Insurance has been in the business of putting things back in place for 100s of years. Now, the concept of “human indemnity” could take this one step further – and help people who struggle to feel ‘normal’ again after a traumatic event.
For MBL Global, providing this so-called “human indemnity” involves longer term counselling services and as close to immediate as possible on-the-ground mental health assistance for everyone within 500 metres of an incident, not just the staff of an insured.
Since 2009, it has counselled people through terrorist attacks, US active shooter situations, and a Congo kidnapping. It has also assisted people’s mental recoveries from floods, wildfires, and other natural catastrophes.
The business has built a network of clinical psychologists, social workers, and mental health professionals across the globe, who are able to respond to an event taking place.
“From a clinical perspective, what we’re trying to do, as much as anything else, is reduce the onset of PTSD, for example, which is a much more complex and longer-term psychological issue to deal with,” MBL managing partner Graeme McKenzie (pictured) said.
An estimated 3.6% of the global population had suffered PTSD in the year prior to 2013, a World Health Organization report found. Common potential causes of the mental health illness included witnessing or experiencing violence, accidents, exposure to war, and trauma to a loved one.
“The quicker we can get to the events and to people after the event has taken place, the greater the chance that we’re going to have at being able to rehabilitate those people,” McKenzie explained.
The insurers MBL works with are supporting people through crises, according to McKenzie, and there is another element that could tempt them: he cited the potential to save on business interruption claims and – in the US – to cut down on post-event class actions.
The “human cost” of an event has hitherto been poorly understood, something that MBL is looking to redress, according to McKenzie.
“[This could include] how many people were affected, what their ethnicity may have been, what their age may have been, their gender, and so on and so forth,” he said.
“Because that understanding, even today, almost anywhere in the world, almost post any event is missing.”
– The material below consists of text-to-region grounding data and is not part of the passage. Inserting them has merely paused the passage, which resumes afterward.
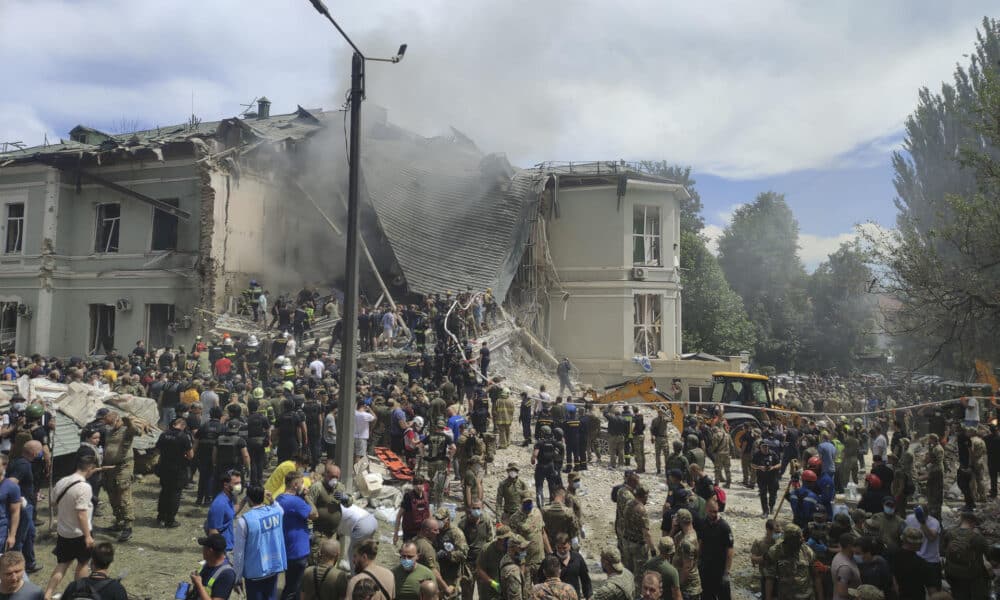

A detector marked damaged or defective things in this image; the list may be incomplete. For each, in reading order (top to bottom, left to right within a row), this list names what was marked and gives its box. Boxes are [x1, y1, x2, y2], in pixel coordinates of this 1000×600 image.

damaged roof [0, 105, 326, 166]
damaged roof [360, 129, 544, 302]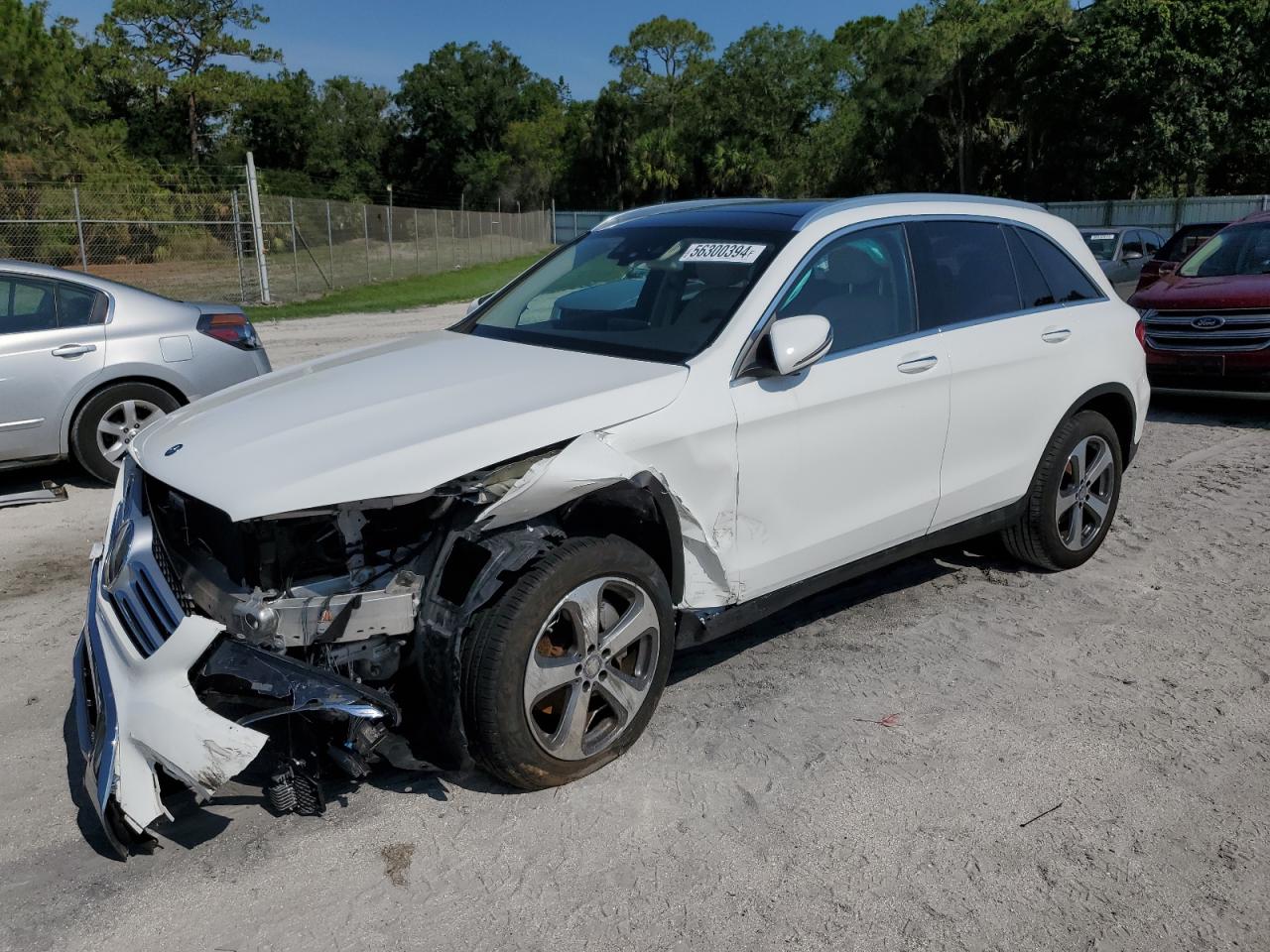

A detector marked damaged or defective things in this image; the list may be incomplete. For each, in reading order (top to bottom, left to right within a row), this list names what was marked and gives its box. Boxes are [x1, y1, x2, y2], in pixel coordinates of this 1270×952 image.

crumpled fender [477, 431, 736, 604]
torn sheet metal [477, 433, 736, 606]
damaged white suv [76, 195, 1153, 858]
detached bumper cover [73, 558, 268, 858]
crushed front bumper [72, 558, 269, 858]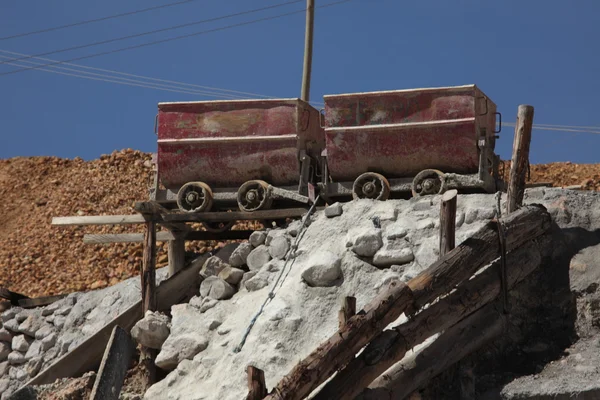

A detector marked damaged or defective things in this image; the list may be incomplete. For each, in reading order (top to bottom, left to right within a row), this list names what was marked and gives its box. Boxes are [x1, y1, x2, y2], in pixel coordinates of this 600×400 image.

broken wooden board [90, 324, 135, 400]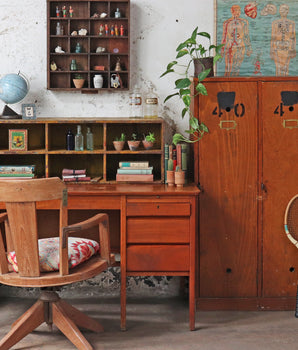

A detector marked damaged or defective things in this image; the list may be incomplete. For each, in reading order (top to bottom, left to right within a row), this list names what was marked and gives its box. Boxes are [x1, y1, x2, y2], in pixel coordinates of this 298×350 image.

cracked plaster wall [0, 0, 211, 298]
MBL has its roots in South Africa, originally working with the country’s largest corporate property underwriter, and started out within the terror and political violence space.
Today, the business has a network of clinicians in 190 countries and coordinates its activity through 15 global incident centres.
MBL’s service aims to deploy a rapid response team within three hours of an incident, as well as setting up a telephone helpline. It continues to counsel affected individuals after the event, with needs differing from person to person.
On Easter Sunday, April 21, 2019, three Sri Lankan luxury hotels and three churches were targeted in a series of terrorist attacks, leading to the deaths of nearly 270 people.
MBL received a call at its call centre in India from a customer of an insured in Sri Lanka on the day the attacks unfolded.
The business quickly got boots on the ground near the blast centres in Colombo and counselled around 2000 people after the event.
“We set up a near site location where we were able to counsel people in the one-to-one group, virtually if need be, post the event, and [through] telephonic counselling after the event,” McKenzie said.
“We set up a helpline that ran for a period of about eight weeks after the event took place for people to come on board.
“What we’re able to do in doing that is, from an insurer perspective, we’re able to give the insured customer the comfort that their insurer is on the ground and dealing with the issue within the first hour or two after the event took place.”
After the Sri Lanka attacks, some victims and witnesses just wanted the chance to vent, while others were “severely traumatized” and still using the service 15 to 16 months on, according to McKenzie.
MBL has played another valuable role following active shooter situations, McKenzie said. He was unable to quantify specifics, speaking from a “societal perspective”, but did suggest that accounting for ‘human indemnity’ can help mitigate the risk of revenge attacks.
“There’s a percentage of those that we counsel, as much as we’re rehabilitating them psychologically to be able to deal with the traumatic effect that has occurred and that they may have witnessed, we’re also rehabilitating and trying to mitigate and reduce the concept that many have in their heads around revenge,” McKenzie said.
He gave the example of the Buffalo shooting in the US in “contrast” to how a post-active shooting should be managed.
On May 14, 10 people were killed and three injured in an allegedly racially motivated attack at a Tops store in Buffalo.
“The response by from the local authorities was to tweet the contact details of seven local counsellors that may be able to assist those that were affected by the event,” McKenzie said.
“That doesn’t take into consideration whether the people that are affected could afford it, whether those people that were doing the counselling had the requisite skills.”
He pointed out that somebody may have been killed in the shooting whose relatives were based outside of Buffalo.
“[Unlike in this case] we’re able to counsel those people, the extended family of these people as well, around managing the event, because one of the factors that is quite prevalent in allowing people to recover from these events is the knowledge that those around them are not adversely affected by it,” McKenzie explained.